The Stack Overflow Podcast

An open-source development paradigm

Episode Summary

Temporal is an open-source project focused on durable execution and workflow orchestration. Cofounder and CTO Maxim Fateev tells Ben and Ryan about the challenges of building a cloud service based on an open-source project and how Temporal is helping teams simplify their code and build more features more quickly.

Episode Notes

Temporal is an open-source implementation of durable execution, a development paradigm that preserves complete application state so that upon host or software failure it can seamlessly migrate execution to another machine. Learn how it works or dive into the docs.

Temporal’s SaaS offering is Temporal Cloud.

Replay is a three-day conference focused on durable execution. Replay 2024 is September 18-20 in Seattle, Washington, USA. Get your early bird tickets or submit a talk proposal!

Connect with Maxim on LinkedIn.

User Honda hoda earned a Famous Question badge for SQLSTATE[01000]: Warning: 1265 Data truncated for column.

Episode Transcription

[intro music plays]

Ryan Donovan Monday Dev helps R&D teams manage every aspect of their software development lifecycle on a single platform– sprints, bugs, product roadmaps, you name it. It integrates with Jira, GitHub, GitLab, and Slack. Speed up your product delivery today, see it for yourself at monday.com/stackoverflow.

Ben Popper Hello, everybody. Welcome back to the Stack Overflow Podcast, a place to talk all things software and technology. I am Ben Popper, Director of Content here at Stack Overflow, joined as I often am by my colleague and compatriot, Ryan Donovan, Editor of our blog. Ryan, we have done a bunch with this company, Temporal. It started out as a blog that was pitched to us. I think that was almost pre-launch for the company or right as they were getting started, right?

RD Well, one of our regular writers back then got hired by Temporal.

BP Ah, right.

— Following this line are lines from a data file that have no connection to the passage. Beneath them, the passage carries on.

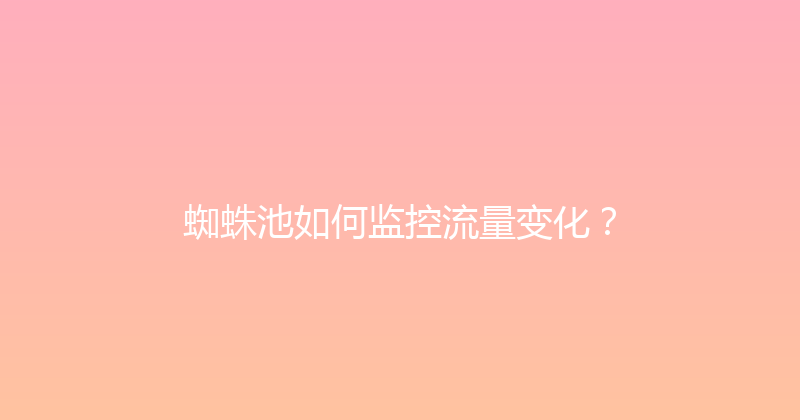 蜘蛛池如何监控流量变化？ 封面图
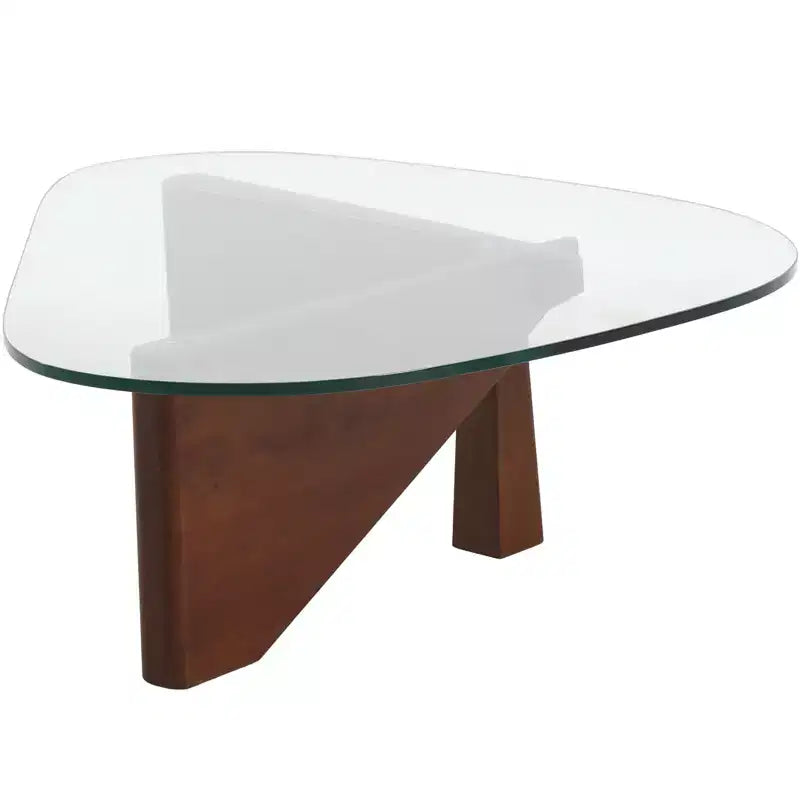 Table Basse Collection avec Plateau en Verre Triangulaire et Base en Frêne Brillant pour la Maison, le Salon, le Bureau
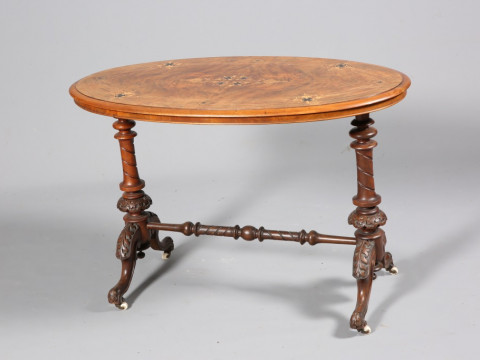 A VICTORIAN INLAID BURR WALNUT SIDE TABLE, the oval quarter veneered top...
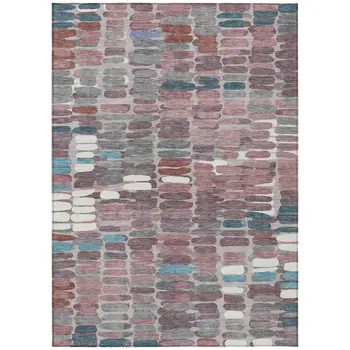 3' X 5' Blush Pink And Merlot Abstract Washable Indoor Outdoor Area Rug
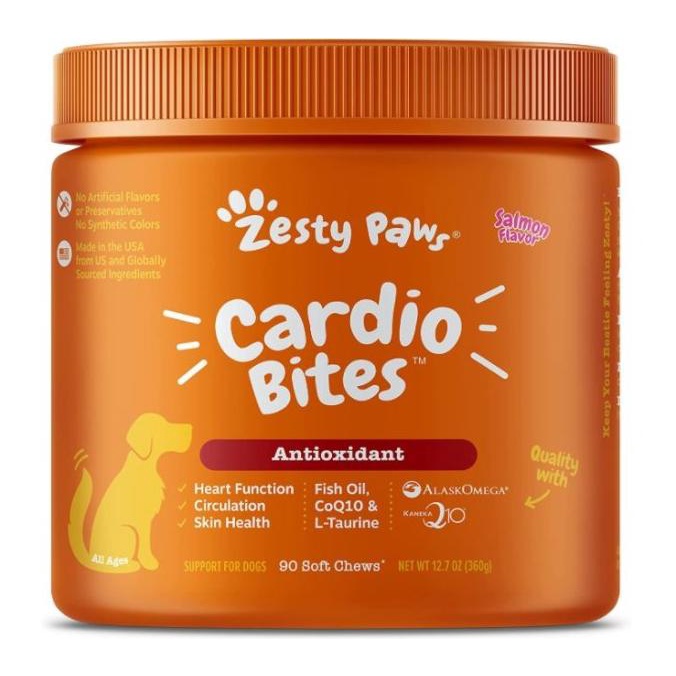 ,,,,,,,] Zesty Paws Cardio Bites - Cardiovascular Antioxidants Dog Heart Health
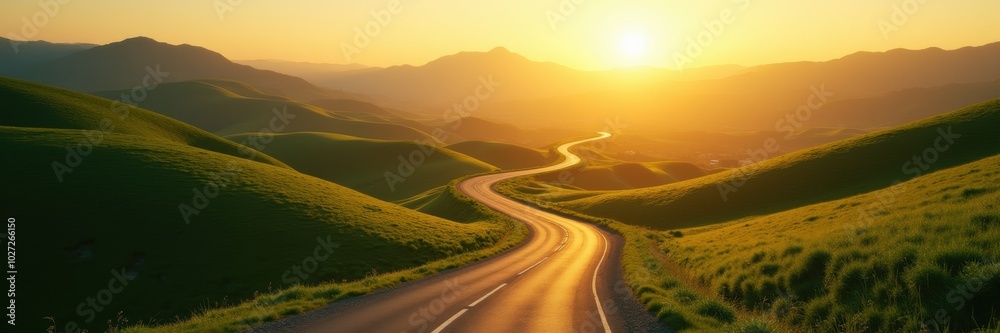 Fototapeta premium A scenic winding road through lush green hills at sunset, perfect for travel, nature, and lifestyle themes.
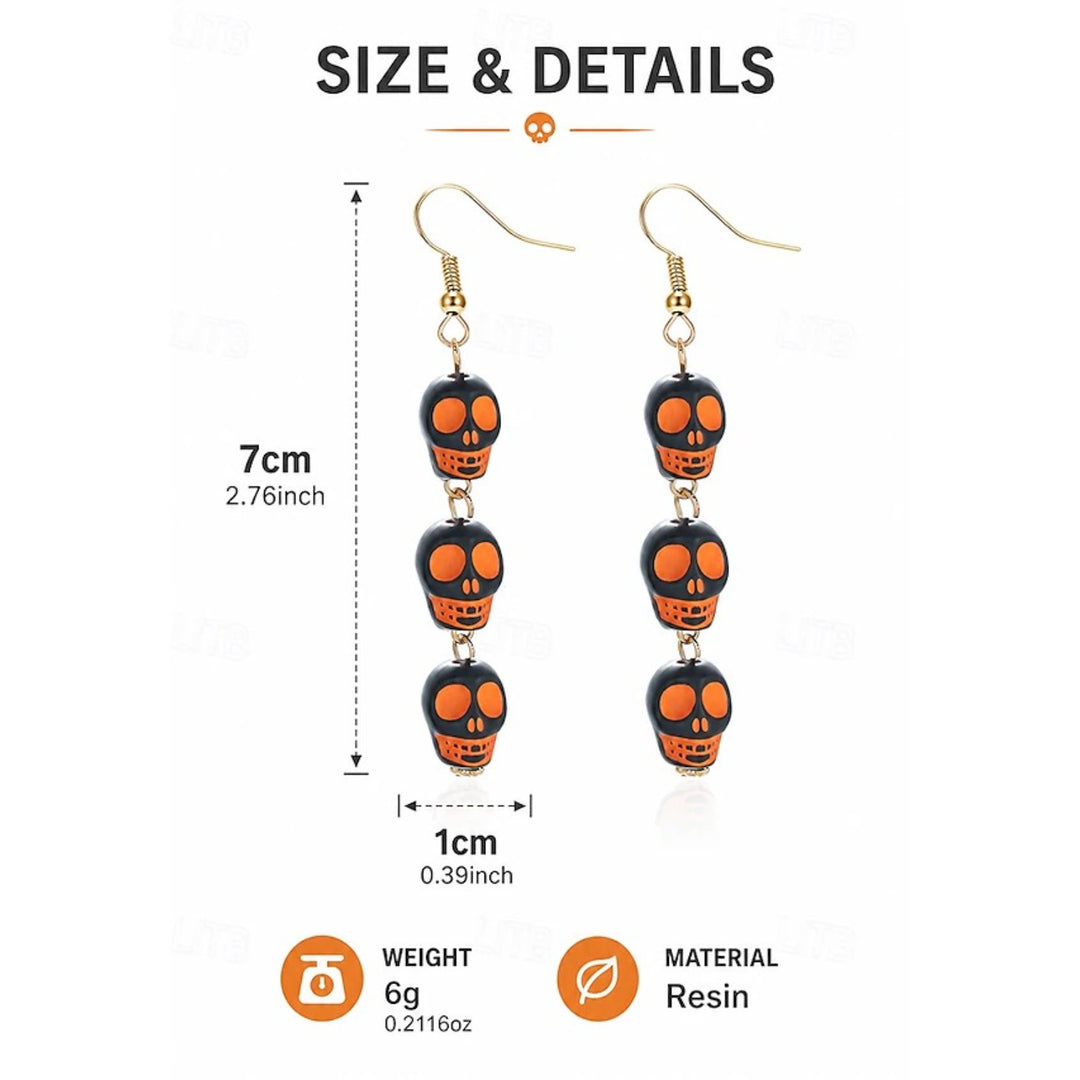 Pumpkin Skull Earrings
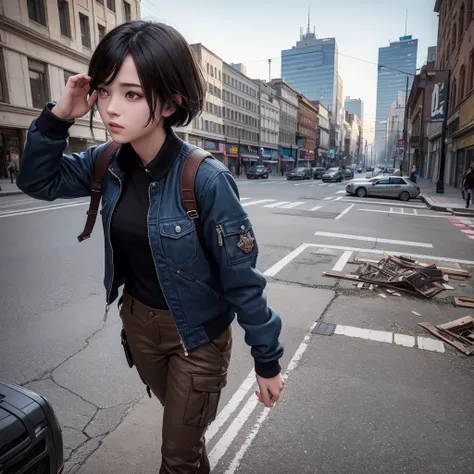 Digital Illustration, Extreme Detail, 4k, 3D realistic teenage woman with short black hair, black shirt, blue jacket, brown cargo pants, brown shoes on a destroyed city center street in the afternoon, there is light smoke around her with scattered newspape...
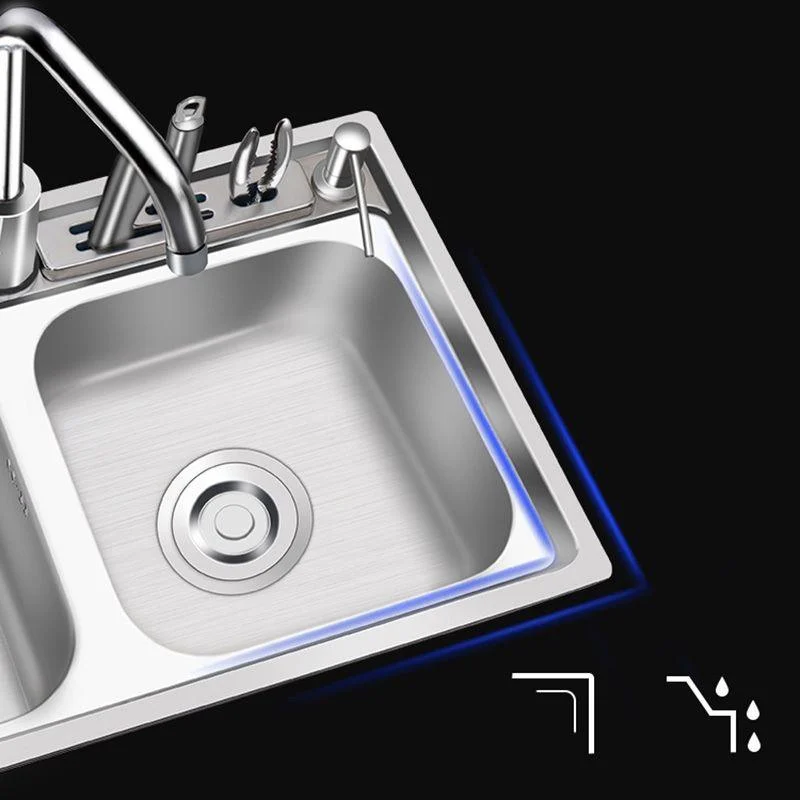 Modern Style Kitchen Sink Stainless Steel Corrosion Resistant Drop-In Kitchen Sink -Bathlova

We had did that, and then we did a podcast with them that was about microservices and figuring out what is the trade-off between monolith and microservices as the pendulum is swinging one way or the other. And so today we are lucky to have Maxim Fateev, the CTO at Temporal, back on the show. Maxim, welcome to the Stack Overflow Podcast.

Maxim Fateev Thanks for having me. We certainly made a lot of progress in the last 12-18 months. We've got around 1,200 customers since our launch 18 months ago, and around 120 of those customers are what we call ‘strategic customers,’ which are large enterprises.

BP So before we dive in a little bit more, for folks who haven't listened to the other episode, can you just give them a little background on yourself, how you got into the world of software and development, and how you ended up focusing in on this particular area that you're working on now as CTO at Temporal?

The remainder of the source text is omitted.